Base Runs
The link below is for an article that was printed in the August 2001 edition of By the Numbers, the newsletter
of SABR's Statistical Analysis Committee, with minor modifications, about David Smyth's outstanding Base Runs method.
Below the link is some additional information about BsR.
Breaking Down BsR
It is sometimes useful to write a stat like Base Runs in rate form. It helps
greatly in making the Theoretical Team equations, for one thing, and it is also useful to be able to write BsR completely
in terms of BA, OBA, SLG, and HR/PA. To do this, you need to start with each component and divide it by PA. So,
A/PA, B/PA, C/PA, and D/PA. (Since I am using a basic version of Base Runs, you need PA=AB+W). You can call these,
resepectively, Runners On Base Average(ROBA), Advancement Factor(AF), 1-OBA, and HR/PA. Then
BsR/PA = ROBA*AF/(AF+1-OBA)+HR/PA
For the Basic version I use, these are the equations for each component:
ROBA = (H+W-HR)/(AB+W) = OBA-HR/PA
AF = (2*TB-H-4*HR+.05*W)*.78 = ((2*SLG-BA)*(1-OBA)/(1-BA)-4*HR/PA+.05*(OBA-BA)/(1-BA))*.78
1-OBA = 1-(H+W)/(AB+W)
HR/PA = HR/(AB+W)
In the Base Runs article linked above, I gave the equations that I use for each factor in this basic version. The
B multiplier is based on the composite MLB stats of 1946-1995. In this period, the average for each components are:
ROBA AF
OBA HR/PA
.303 .308
.325 .0222
You can use these to put together the Theoretical Team factors. The TT concept, which I will not explain here in
every detail, is that since Base Runs(or Runs Created) is a run estimator devised for estimating team runs, there is an interactivity
between the values of the offensive events. As the offensive production increases, the value of each event goes up(with
the exception of the special case, HR). So applying BsR to Babe Ruth gives him an unfair advantage because he is not
playing on a team by himself; he is playing on a team with 8 other players. So the TT formula puts the the player on
a team with 8 average players. So, we assume that each player on the theroetical team gets the same number of PA as
our player. So the teams new A factor can be calculated as (A+LgROBA*PA*8), where A is the individual's A factor. So
you apply this technique to the B, C, and D terms, using the long term averages above(you really should have a seperate version
each year, but small changes in ROBA, AF, etc. don't significantly change the results of the formula).
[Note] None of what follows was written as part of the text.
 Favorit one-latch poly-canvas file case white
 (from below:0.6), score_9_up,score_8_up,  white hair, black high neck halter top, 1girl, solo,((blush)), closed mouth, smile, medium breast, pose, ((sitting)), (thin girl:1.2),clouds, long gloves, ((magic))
Then, to see how much the player has helped this team, we compare him to a team of 8 average players in his number of
PA each. If we wanted to compare the player to the league average, we would compare him to 9 average players. If you
work all this out and simplify, you get this equation for TT BsR, which I like to call Individual Base Runs(IBR).
IBR = (A+2.42PA)(B+2.46PA)/(B+C+7.86PA)+HR-.76PA
Lest it seem as if I am taking credit for coming up with all of this, the pioneering TT work was done by Dave Tate and
Bill James, and the application of the TT concept to BsR was also the work of David Smyth.
Stolen Base BsR
It is useful and necassary to get some more categories into a Runs Created formula, and so here we'll put SB and CS in(this
is again based on Smyth's work). The other categories we could add, like SF, SH, and DP, I choose to ignore. For
one, they are very situation dependent and therefore I'm not 100% comfortable in including in an individual formula, and secondly
and more importantly, I am lazy and don't want to deal with them. Anyway, for BsR including SB:
A = H + W - HR - CS
B = (2*TB - H - 4*HR + .05*W +1.5*SB)*.76
C = AB-H
The IBR formula for the standard league is:
IBR =(A+2.34PA)(B+2.58PA)/(B+C+7.98PA)+HR-.76PA
ROBA and AF are no longer the rate stats; I call these AROBA and AAF for "advanced". Anyway, the long term averages
are:
AROBA AAF
OBA HR/PA
.293 .323 .325
.0222
Full BsR
Here is a version of the BsR formula that you can use if you have all of the minor(SH, SF, DP, etc.) offensive stats. It
is not as clean and nice looking as the other versions on this page, but there needs to be more of a give-and-take between
the various events when you include the other stats. It is also not straightforward as to which events should be placed in
which factor(s). I took the convention that A is final baserunners; baserunners less those who we know have been thrown out
on the bases or taken out on a DP. Everything goes in B to balance everything out and produce good linear weights, while
C is batting outs. D remains home runs. There are other ways to define these terms and Smyth, TangoTiger, and Robert Dudek
have all done these in different ways then I have. There are certainly arguments to be made for all of the differnt approaches,
but a discussion of that will have to wait for another day.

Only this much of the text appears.